The analysis returned three feasible solutions to the rocket problem.  Many other combinations (not shown) were tried, but rejected because they were not feasible solutions (i.e. they did not hit the planet). Figure DC.1.1 shows the resulting trajectories.  The Table DC.2.1 summarizes the results.

Table DC.1.1
Rocket Problem Results
 

Solution # Design Variables Objective
Velocity Angle Time
#1 18,000 260 160
#2 18,300 90 21
#3 21,000 300 23

The preferred alternative is solution #2 because it has the best objective function result.

The preceding example was very simplistic.  Most engineering solutions, particularly in steel design, are much more complicated having a multitude of design variables and constraints.  The objective function can also get complicated if there are competing objectives, such as least cost AND least weight.

When we get to designing steel elements, you will get a better feel for this process.

Design vs. Analysis

Design and analysis are two separate activities and it is useful to know the difference between the two. 

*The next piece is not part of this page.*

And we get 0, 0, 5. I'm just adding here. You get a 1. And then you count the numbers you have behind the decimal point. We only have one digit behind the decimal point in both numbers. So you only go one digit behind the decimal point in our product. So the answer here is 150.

Analysis is the evaluation of a defined problem.  There is no selection of new alternatives or components.  Analysis simply computes performance and returns performance results.  For example,  if you have a beam of given size with a load on it, the analysis may return reactions, shear & moment values/diagrams, and comparison with allowable performance relative to specified constraints (such as strength, deflection, clearance, etc.)  Another way to say this is that analysis takes a set of design values, performs calculations, and returns requested data for use by the design process.

The process of design uses the results of analysis to make decisions about the problem description.  Based on the results of the analysis, the design process changes the problem description (design variables) based on analysis results and then requests additional analysis.  The design process repeats until the best solution is found.

You will find that most problems that involve design will require multiple analyses.  In structural design, this means that being proficient using spreadsheets, MathCad, or other computer based computational tool becomes extremely useful.  Computers are particularly useful in handling repetitive tasks.

The Function of Design Codes and Specifications

Considering the rocket problem, note that the solution is only hypothetical until the rocket is launched.  No one knows for sure if it will really work.  Was there a mistake made in the analysis routine?  Was some constraint not considered?  Is there a constraint that has never been encountered before?  You never know until the design is implemented.  In some sense every design is a theory that is unproven until it is actually implemented.  To minimize the possibility of failures, we constantly learn from the profession's experience.  Failures are particularly useful if they reveal constraints not previously known. 

Unfortunately, too many failures are just a repeat of mistakes by someone else on another project.  Mistakes in computation and oversights in design considerations can be minimized by peer review.  Both in-house review and review by building code enforcement authorities are necessary.  Identifying relevant constraints is the function of the design codes and specifications. 

The design codes and specifications are the means that society and the profession use to help prevent reoccurrence of the failures of the past.  As new constraints are revealed or weaknesses are detected in existing constraints, the codes and specifications are updated to correct the problem.  All designs are required to comply with the specification so as to take advantage of the past experiences.  Consequently all structural design specifications are updated every few years to capture the best knowledge available.

One state fire marshal was once heard to comment that when a designer or design team chooses to ignore a code provision they are making the deaths of many people or the loss of much property to be in vain.  He pointed out that no provision makes it into the design code without the loss of many lives or substantial loss of property.  Every code provision potentially adds cost to the development of a project, so there is great pressure to include only those provisions that are really necessary.